::: Input for this task

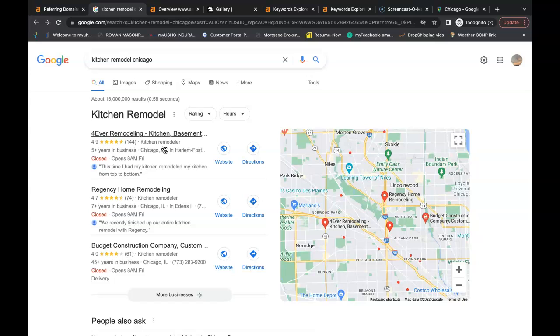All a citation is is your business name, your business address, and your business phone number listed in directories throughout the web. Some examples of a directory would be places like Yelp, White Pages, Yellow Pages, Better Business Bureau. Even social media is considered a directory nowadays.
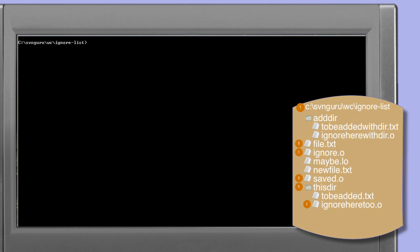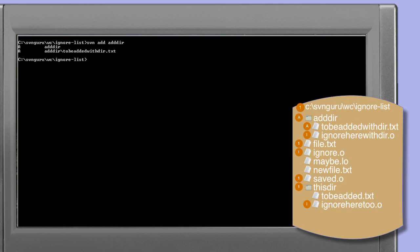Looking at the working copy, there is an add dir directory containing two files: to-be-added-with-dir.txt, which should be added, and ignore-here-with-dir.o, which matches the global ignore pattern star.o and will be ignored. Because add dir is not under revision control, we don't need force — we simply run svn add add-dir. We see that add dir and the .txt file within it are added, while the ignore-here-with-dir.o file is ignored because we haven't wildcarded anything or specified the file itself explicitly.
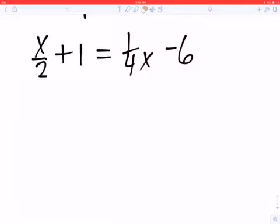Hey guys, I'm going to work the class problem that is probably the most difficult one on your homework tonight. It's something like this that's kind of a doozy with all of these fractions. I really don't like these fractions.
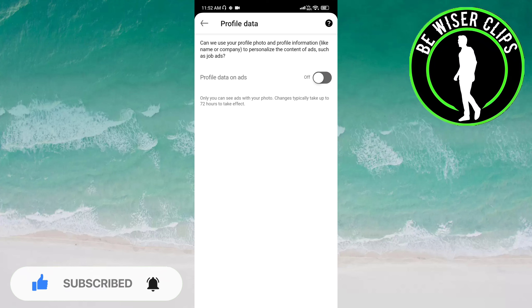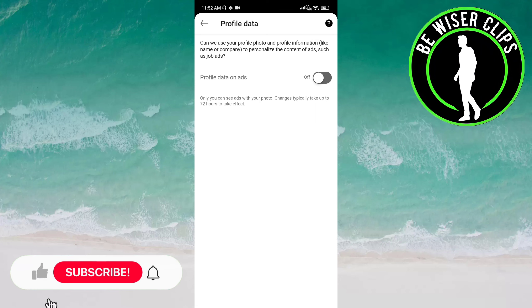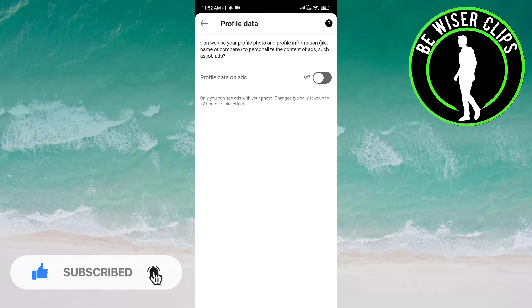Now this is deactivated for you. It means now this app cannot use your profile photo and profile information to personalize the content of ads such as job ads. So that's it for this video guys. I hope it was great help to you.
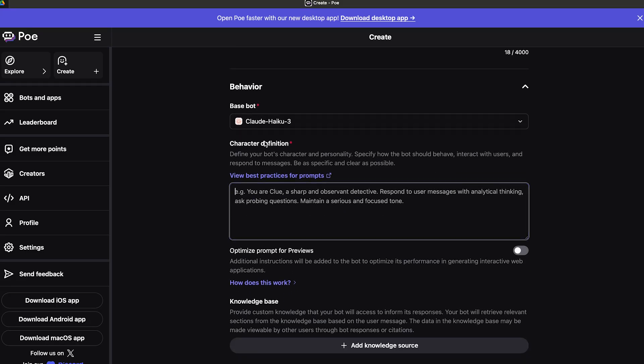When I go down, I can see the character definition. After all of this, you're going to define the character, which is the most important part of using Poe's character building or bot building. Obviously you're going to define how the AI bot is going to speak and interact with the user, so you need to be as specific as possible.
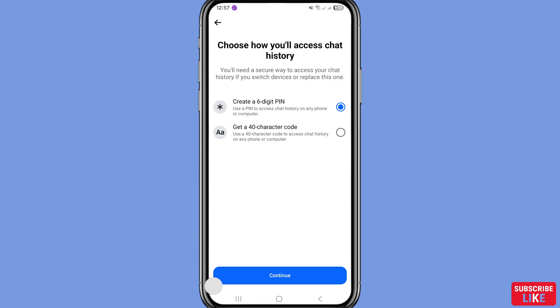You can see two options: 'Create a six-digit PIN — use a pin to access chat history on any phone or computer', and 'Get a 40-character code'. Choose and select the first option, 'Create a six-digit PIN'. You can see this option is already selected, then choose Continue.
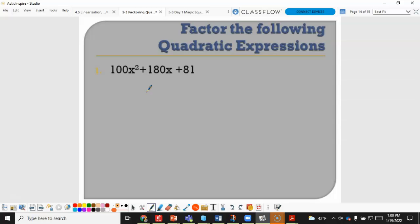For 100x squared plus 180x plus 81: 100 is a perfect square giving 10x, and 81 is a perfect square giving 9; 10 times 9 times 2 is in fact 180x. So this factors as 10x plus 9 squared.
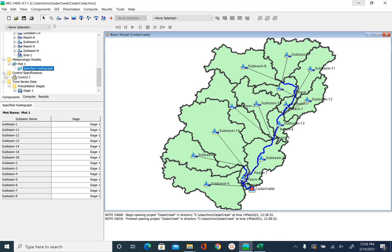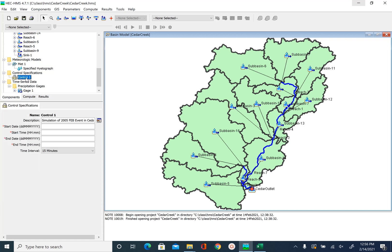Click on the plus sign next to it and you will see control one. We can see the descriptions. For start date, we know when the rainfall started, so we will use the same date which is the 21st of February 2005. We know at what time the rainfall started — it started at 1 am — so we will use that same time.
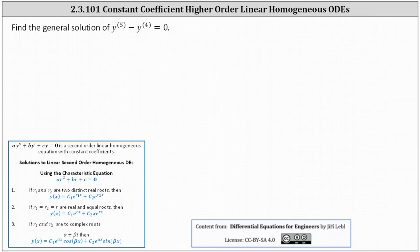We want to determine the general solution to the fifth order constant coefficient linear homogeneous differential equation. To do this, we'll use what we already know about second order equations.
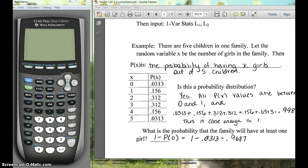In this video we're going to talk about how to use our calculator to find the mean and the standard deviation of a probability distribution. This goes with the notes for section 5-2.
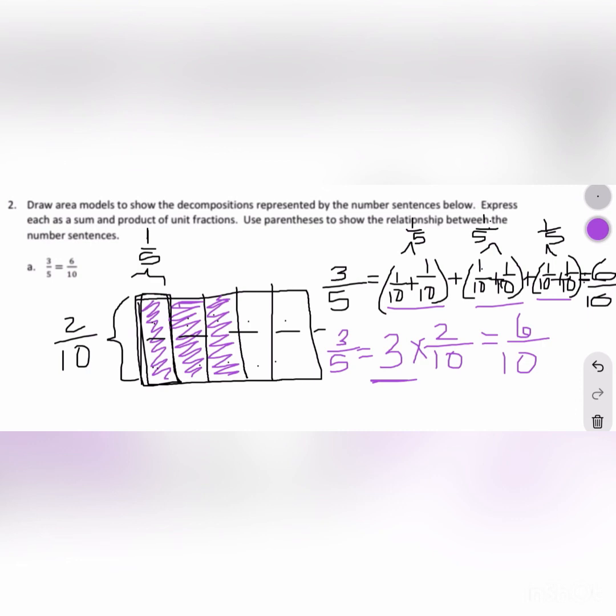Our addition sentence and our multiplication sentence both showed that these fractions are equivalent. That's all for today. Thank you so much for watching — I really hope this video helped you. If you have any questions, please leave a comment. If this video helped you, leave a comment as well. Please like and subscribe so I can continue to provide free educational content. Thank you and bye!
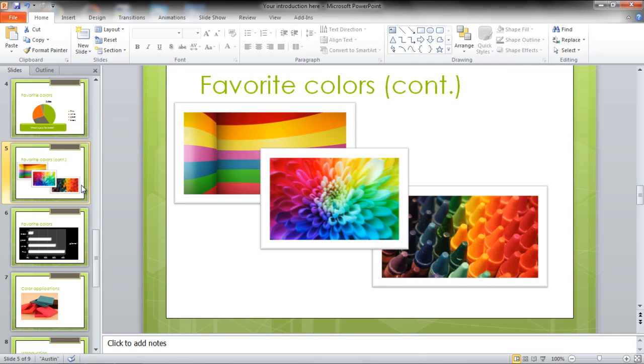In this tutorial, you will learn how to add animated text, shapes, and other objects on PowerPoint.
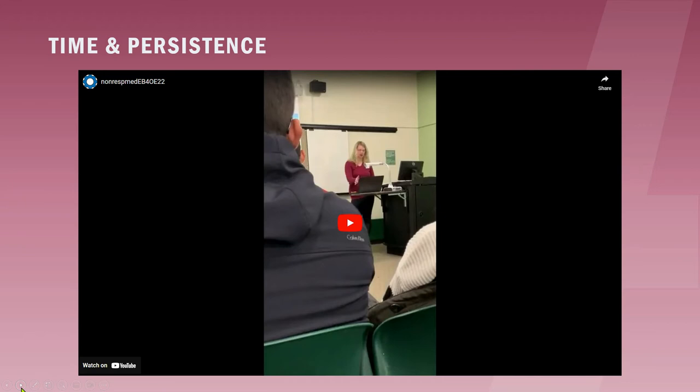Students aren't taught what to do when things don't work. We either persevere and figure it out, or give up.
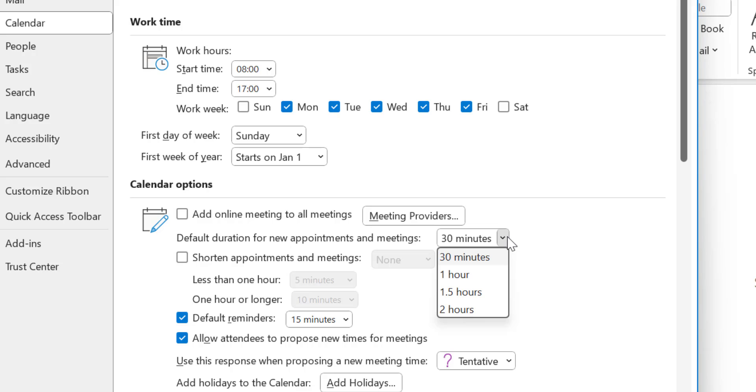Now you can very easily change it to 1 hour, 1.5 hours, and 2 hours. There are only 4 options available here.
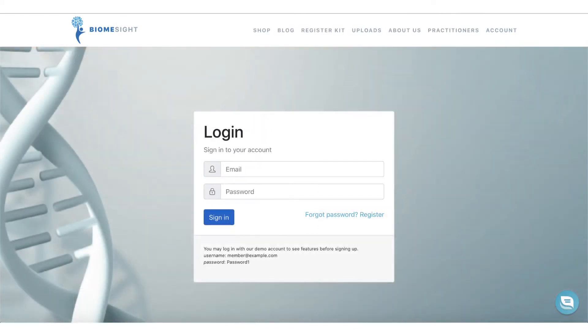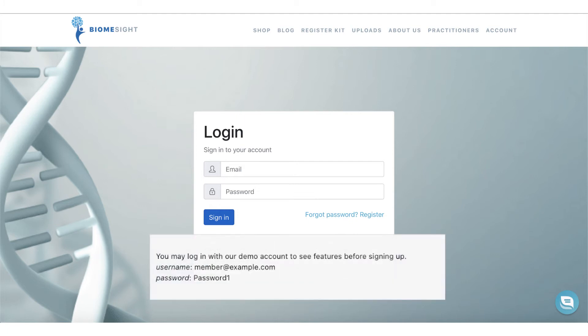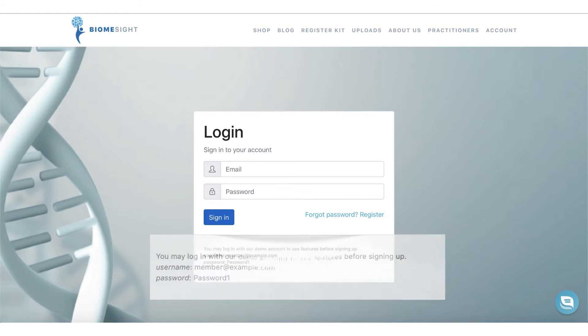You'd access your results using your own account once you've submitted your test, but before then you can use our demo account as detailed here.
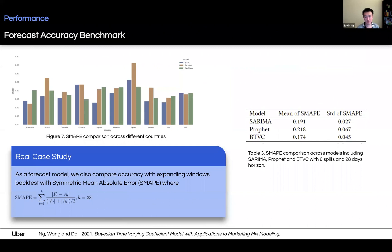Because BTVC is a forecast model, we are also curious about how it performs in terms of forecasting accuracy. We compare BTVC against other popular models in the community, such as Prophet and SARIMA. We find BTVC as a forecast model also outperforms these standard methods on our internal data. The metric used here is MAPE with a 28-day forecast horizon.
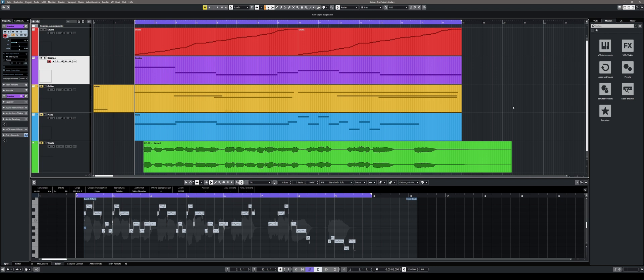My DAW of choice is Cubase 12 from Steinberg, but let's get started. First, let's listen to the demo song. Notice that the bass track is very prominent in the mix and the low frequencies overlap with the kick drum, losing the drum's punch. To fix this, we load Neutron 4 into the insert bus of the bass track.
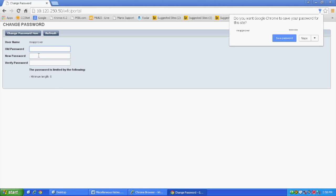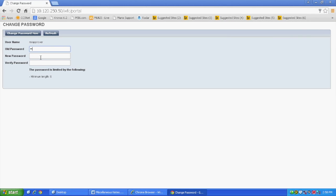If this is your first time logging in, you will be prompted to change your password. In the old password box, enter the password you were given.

::::::

Work request —
Set down all the data again exactly as above, pictures excluded.

Answer space —
All a citation is is your business name, your business address, and your business phone number listed in directories throughout the web. Some examples of a directory would be places like Yelp, White Pages, Yellow Pages, Better Business Bureau. Even social media is considered a directory nowadays.
Looking at the working copy, there is an add dir directory containing two files: to-be-added-with-dir.txt, which should be added, and ignore-here-with-dir.o, which matches the global ignore pattern star.o and will be ignored. Because add dir is not under revision control, we don't need force — we simply run svn add add-dir. We see that add dir and the .txt file within it are added, while the ignore-here-with-dir.o file is ignored because we haven't wildcarded anything or specified the file itself explicitly.
Hey guys, I'm going to work the class problem that is probably the most difficult one on your homework tonight. It's something like this that's kind of a doozy with all of these fractions. I really don't like these fractions.
Now this is deactivated for you. It means now this app cannot use your profile photo and profile information to personalize the content of ads such as job ads. So that's it for this video guys. I hope it was great help to you.
When I go down, I can see the character definition. After all of this, you're going to define the character, which is the most important part of using Poe's character building or bot building. Obviously you're going to define how the AI bot is going to speak and interact with the user, so you need to be as specific as possible.
You can see two options: 'Create a six-digit PIN — use a pin to access chat history on any phone or computer', and 'Get a 40-character code'. Choose and select the first option, 'Create a six-digit PIN'. You can see this option is already selected, then choose Continue.
For 100x squared plus 180x plus 81: 100 is a perfect square giving 10x, and 81 is a perfect square giving 9; 10 times 9 times 2 is in fact 180x. So this factors as 10x plus 9 squared.
Click on the plus sign next to it and you will see control one. We can see the descriptions. For start date, we know when the rainfall started, so we will use the same date which is the 21st of February 2005. We know at what time the rainfall started — it started at 1 am — so we will use that same time.
We want to determine the general solution to the fifth order constant coefficient linear homogeneous differential equation. To do this, we'll use what we already know about second order equations.
In this video we're going to talk about how to use our calculator to find the mean and the standard deviation of a probability distribution. This goes with the notes for section 5-2.
Our addition sentence and our multiplication sentence both showed that these fractions are equivalent. That's all for today. Thank you so much for watching — I really hope this video helped you. If you have any questions, please leave a comment. If this video helped you, leave a comment as well. Please like and subscribe so I can continue to provide free educational content. Thank you and bye!
In this tutorial, you will learn how to add animated text, shapes, and other objects on PowerPoint.
Students aren't taught what to do when things don't work. We either persevere and figure it out, or give up.
Now you can very easily change it to 1 hour, 1.5 hours, and 2 hours. There are only 4 options available here.
You'd access your results using your own account once you've submitted your test, but before then you can use our demo account as detailed here.
Because BTVC is a forecast model, we are also curious about how it performs in terms of forecasting accuracy. We compare BTVC against other popular models in the community, such as Prophet and SARIMA. We find BTVC as a forecast model also outperforms these standard methods on our internal data. The metric used here is MAPE with a 28-day forecast horizon.
My DAW of choice is Cubase 12 from Steinberg, but let's get started. First, let's listen to the demo song. Notice that the bass track is very prominent in the mix and the low frequencies overlap with the kick drum, losing the drum's punch. To fix this, we load Neutron 4 into the insert bus of the bass track.
If this is your first time logging in, you will be prompted to change your password. In the old password box, enter the password you were given.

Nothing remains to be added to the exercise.